Rapplique quand on appelle !
« Les gens ne savaient pas le vendredi soir s’ils allaient travailler ou non le samedi et le dimanche suivants », écrit le Spiac-CGT dans son communiqué. Et, en effet, plusieurs salariés dénoncent des changements de planning brutaux au dernier moment. Certains, alors qu’ils étaient en jour de repos ou en pleine nuit, ont même reçu des SMS ou des mails leur annonçant que leur présence était requise… Enfin, le syndicat affirme également qu’il y aurait eu « des incitations à faire des trajets automobiles dans des délais tels que les personnes en charge de ce travail devaient rouler à plus de 180 km/h ».

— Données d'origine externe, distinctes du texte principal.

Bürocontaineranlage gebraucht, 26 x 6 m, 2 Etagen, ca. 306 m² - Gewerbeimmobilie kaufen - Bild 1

L’enjeu de la convention collective
Cette dénonciation sans appel n’intervient pas non plus dans n’importe quel contexte et s’inscrit pleinement dans la lutte que mène la CGT pour une convention collective étendue du cinéma. Ratifiée en janvier 2012 par nombre de syndicats de salariés, dont le Spiac-CGT, elle est, pour l’heure, rejetée par beaucoup de syndicats de producteurs. C’est que le texte exige une réglementation pour le montant des minima sociaux, le paiement des heures supplémentaires et du travail de nuit et du dimanche, ce qui, pour les producteurs, rendrait impossible la réalisation de nombreux films… Autrement dit : producteurs et réalisateurs doivent pouvoir s’asseoir sur le Code du travail au nom d’une créativité qui sonne surtout « rentabilité ».
Ce traitement des techniciens et des ouvriers de l’industrie du cinoche n’est pas sans rappeler celui des petites mains du secteur de l’édition, et notamment des correcteurs : salaires ridicules (parfois en dessous du smic), contournement du salariat par des statuts désavantageux, cadences infernales, travail déguisé sous forme de tests rémunérés, etc. À lire les réactions sur le Net suite au grand déballage du Spiac-CGT, on comprend pourquoi les travailleurs de ces industries peinent tant à faire reconnaître leurs droits : aux yeux de beaucoup, les traitements les plus indécents sont légitimes lorsqu’il s’agit de la sacro-sainte culture.